--- Available data ---

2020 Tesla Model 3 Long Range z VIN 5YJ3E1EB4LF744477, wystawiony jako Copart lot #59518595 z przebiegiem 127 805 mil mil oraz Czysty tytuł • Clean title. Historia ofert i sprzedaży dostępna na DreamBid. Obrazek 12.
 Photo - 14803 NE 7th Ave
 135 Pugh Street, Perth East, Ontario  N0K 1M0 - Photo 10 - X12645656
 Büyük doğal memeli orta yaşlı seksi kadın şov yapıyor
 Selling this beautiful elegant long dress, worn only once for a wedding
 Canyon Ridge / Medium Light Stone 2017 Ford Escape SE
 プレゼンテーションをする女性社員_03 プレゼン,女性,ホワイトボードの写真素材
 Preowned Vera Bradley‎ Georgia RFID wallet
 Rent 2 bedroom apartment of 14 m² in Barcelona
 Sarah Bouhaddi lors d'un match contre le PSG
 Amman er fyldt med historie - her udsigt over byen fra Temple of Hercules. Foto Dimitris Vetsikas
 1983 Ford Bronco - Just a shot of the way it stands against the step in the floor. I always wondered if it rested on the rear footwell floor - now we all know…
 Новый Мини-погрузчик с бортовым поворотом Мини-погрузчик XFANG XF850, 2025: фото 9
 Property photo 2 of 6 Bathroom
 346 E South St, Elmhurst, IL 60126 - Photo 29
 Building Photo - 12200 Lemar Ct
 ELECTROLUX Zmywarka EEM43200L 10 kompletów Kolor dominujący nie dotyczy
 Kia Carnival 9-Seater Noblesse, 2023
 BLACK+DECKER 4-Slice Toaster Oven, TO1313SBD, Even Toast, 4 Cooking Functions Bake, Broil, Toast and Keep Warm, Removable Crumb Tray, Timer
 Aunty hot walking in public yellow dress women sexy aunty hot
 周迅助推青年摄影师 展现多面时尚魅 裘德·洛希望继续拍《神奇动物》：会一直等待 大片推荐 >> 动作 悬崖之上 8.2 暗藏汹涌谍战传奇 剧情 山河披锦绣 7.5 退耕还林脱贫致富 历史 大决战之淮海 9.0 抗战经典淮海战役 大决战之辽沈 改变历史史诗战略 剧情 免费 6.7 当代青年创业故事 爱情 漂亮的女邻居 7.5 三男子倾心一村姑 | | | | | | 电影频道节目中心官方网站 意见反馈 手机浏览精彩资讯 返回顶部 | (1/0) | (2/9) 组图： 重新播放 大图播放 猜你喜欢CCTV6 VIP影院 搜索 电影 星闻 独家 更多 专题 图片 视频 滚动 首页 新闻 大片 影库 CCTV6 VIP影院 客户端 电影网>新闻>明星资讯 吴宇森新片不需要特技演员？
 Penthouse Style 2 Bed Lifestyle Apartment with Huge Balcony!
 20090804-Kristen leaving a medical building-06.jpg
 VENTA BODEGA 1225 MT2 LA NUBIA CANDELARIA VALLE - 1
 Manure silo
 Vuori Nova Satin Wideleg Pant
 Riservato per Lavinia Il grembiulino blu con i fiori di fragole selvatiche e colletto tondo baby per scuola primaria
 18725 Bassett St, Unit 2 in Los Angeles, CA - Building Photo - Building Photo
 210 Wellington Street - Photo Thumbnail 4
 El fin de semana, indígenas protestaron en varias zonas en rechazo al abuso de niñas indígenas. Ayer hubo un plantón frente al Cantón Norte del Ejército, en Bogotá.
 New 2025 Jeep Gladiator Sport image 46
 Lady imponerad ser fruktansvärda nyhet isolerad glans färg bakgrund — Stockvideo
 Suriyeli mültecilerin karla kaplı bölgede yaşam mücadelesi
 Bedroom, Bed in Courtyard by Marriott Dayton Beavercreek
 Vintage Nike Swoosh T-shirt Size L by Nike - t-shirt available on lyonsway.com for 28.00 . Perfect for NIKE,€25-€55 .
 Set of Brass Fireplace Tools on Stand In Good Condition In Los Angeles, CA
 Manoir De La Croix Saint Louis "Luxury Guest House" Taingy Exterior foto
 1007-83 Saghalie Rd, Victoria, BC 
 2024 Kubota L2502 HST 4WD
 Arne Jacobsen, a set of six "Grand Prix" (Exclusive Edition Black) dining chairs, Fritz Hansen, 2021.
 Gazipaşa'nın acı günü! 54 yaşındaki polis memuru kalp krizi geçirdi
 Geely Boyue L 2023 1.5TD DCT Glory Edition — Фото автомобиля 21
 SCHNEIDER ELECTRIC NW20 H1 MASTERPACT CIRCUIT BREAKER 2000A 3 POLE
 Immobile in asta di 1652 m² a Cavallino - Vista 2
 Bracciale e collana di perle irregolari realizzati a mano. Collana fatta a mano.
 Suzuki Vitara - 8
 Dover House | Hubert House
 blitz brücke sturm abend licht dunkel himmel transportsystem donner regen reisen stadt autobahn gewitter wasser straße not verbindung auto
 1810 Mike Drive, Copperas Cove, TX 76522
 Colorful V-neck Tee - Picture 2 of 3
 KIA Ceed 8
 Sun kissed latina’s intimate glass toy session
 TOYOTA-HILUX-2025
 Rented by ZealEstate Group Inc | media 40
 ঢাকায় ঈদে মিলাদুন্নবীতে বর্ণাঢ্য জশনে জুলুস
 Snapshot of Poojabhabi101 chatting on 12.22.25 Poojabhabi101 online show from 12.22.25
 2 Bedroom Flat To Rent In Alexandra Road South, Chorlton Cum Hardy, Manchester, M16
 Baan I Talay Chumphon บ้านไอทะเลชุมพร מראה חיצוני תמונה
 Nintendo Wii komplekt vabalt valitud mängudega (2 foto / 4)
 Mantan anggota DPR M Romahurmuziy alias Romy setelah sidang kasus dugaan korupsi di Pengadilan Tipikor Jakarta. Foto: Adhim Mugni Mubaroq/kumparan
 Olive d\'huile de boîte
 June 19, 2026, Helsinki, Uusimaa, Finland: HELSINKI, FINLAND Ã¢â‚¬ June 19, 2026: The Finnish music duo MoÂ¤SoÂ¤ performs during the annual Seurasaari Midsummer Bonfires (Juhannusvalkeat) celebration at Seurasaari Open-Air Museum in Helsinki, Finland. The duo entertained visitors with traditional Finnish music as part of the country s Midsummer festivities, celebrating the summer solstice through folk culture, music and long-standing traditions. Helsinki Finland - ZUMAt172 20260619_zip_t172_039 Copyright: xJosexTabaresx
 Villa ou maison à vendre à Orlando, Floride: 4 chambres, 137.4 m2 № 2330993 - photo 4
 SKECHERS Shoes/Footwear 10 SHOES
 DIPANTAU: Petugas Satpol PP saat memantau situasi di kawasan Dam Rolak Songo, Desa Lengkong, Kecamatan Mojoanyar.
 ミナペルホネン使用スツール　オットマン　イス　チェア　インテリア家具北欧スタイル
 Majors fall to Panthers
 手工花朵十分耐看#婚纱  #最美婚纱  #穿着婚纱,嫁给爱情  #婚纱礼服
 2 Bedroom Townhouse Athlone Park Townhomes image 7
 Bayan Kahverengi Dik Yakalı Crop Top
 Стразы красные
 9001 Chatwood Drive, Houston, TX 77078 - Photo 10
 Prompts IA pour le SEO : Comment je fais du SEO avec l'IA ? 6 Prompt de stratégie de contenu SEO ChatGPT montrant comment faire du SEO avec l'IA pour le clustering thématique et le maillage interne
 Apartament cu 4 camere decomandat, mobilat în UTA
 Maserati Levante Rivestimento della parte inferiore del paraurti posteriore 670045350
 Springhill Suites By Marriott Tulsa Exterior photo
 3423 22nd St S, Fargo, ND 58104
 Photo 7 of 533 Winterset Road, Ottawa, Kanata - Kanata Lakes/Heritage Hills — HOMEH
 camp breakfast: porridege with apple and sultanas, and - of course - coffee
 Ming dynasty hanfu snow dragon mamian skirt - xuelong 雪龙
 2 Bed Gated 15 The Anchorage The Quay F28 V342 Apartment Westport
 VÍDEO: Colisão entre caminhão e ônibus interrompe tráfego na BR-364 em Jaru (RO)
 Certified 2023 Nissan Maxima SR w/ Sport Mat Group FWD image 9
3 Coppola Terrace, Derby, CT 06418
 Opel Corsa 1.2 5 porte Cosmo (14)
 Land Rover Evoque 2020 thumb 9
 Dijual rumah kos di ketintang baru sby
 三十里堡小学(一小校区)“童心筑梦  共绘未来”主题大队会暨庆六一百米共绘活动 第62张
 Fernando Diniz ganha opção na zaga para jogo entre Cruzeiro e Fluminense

---

*What to produce:* Using the records above, repeat exactly the lines from the first one through the line with "1983 Ford Bronco".

*Solution for this exercise:*
2020 Tesla Model 3 Long Range z VIN 5YJ3E1EB4LF744477, wystawiony jako Copart lot #59518595 z przebiegiem 127 805 mil mil oraz Czysty tytuł • Clean title. Historia ofert i sprzedaży dostępna na DreamBid. Obrazek 12.
 Photo - 14803 NE 7th Ave
 135 Pugh Street, Perth East, Ontario  N0K 1M0 - Photo 10 - X12645656
 Büyük doğal memeli orta yaşlı seksi kadın şov yapıyor
 Selling this beautiful elegant long dress, worn only once for a wedding
 Canyon Ridge / Medium Light Stone 2017 Ford Escape SE
 プレゼンテーションをする女性社員_03 プレゼン,女性,ホワイトボードの写真素材
 Preowned Vera Bradley‎ Georgia RFID wallet
 Rent 2 bedroom apartment of 14 m² in Barcelona
 Sarah Bouhaddi lors d'un match contre le PSG
 Amman er fyldt med historie - her udsigt over byen fra Temple of Hercules. Foto Dimitris Vetsikas
 1983 Ford Bronco - Just a shot of the way it stands against the step in the floor. I always wondered if it rested on the rear footwell floor - now we all know…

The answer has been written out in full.